= EXERCISE PROMPT =
Using the material below, repeat exactly the lines from the one with "Manasota Key Wooden Sign" through the one with "Nikon D750 Photography Settings", ends included, without any images.

= SOURCE DATA =
========================================
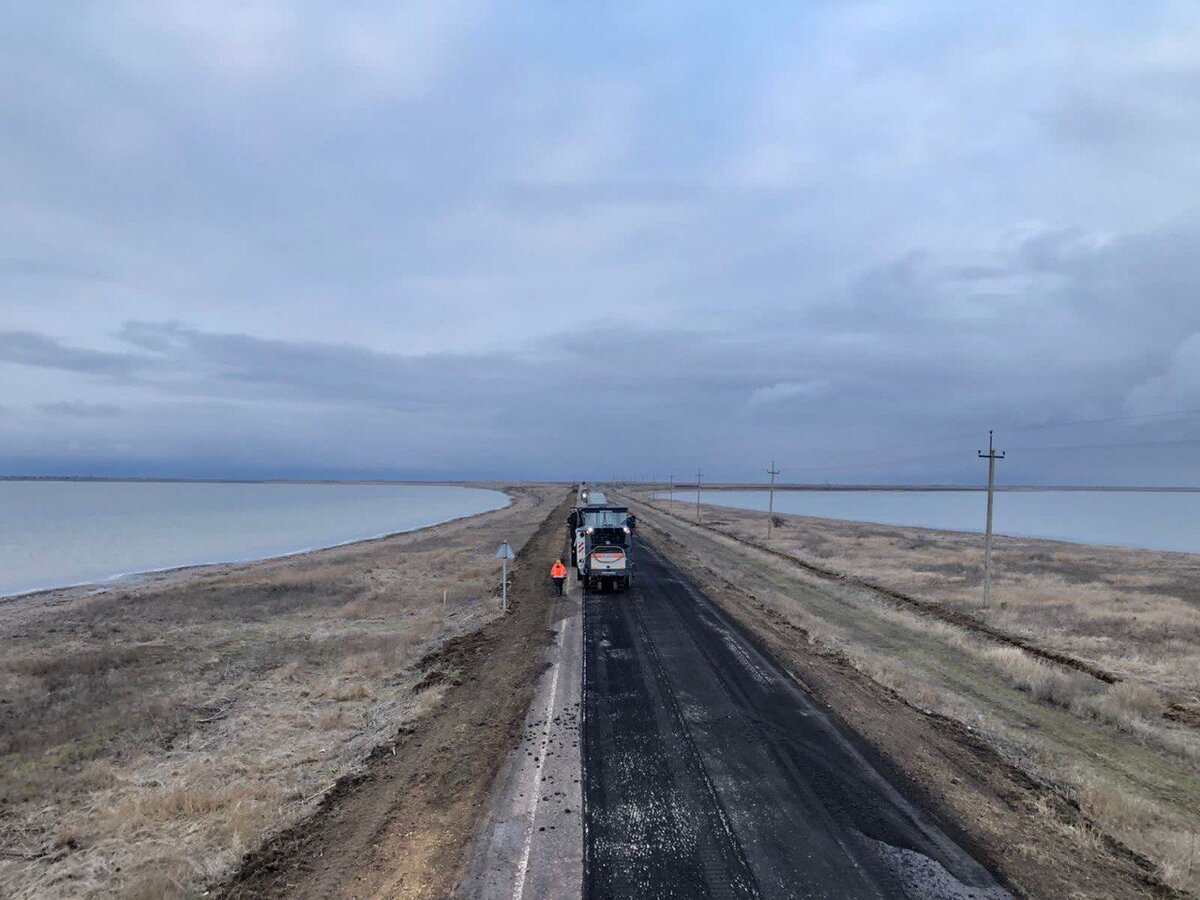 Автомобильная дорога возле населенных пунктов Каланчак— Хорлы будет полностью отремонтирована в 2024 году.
========================================
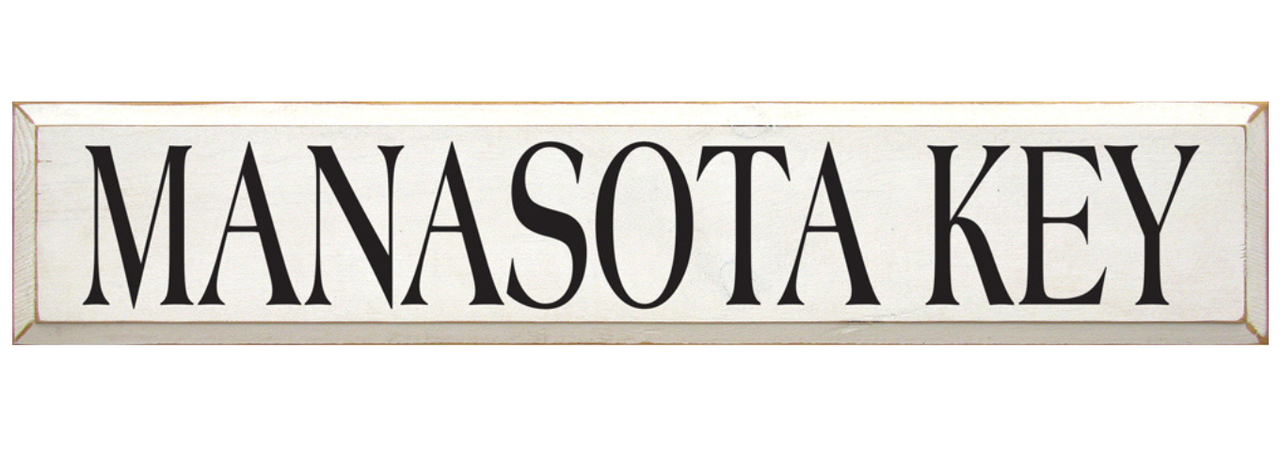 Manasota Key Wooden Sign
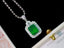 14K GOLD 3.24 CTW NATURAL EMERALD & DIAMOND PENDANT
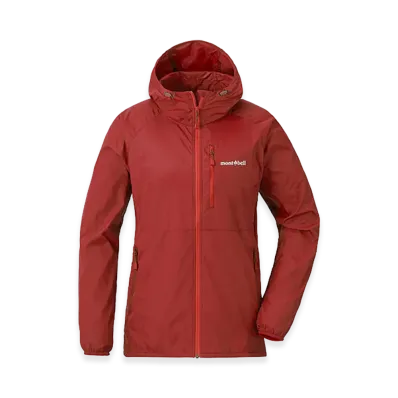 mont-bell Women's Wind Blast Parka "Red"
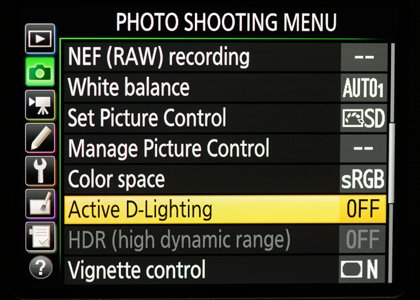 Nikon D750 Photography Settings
========================================
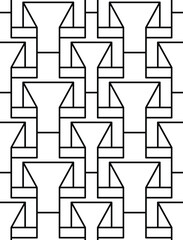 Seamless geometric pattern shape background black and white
========================================
= RESPONSE TO THIS EXERCISE =
 Manasota Key Wooden Sign
 14K GOLD 3.24 CTW NATURAL EMERALD & DIAMOND PENDANT
 mont-bell Women's Wind Blast Parka "Red"
 Nikon D750 Photography Settings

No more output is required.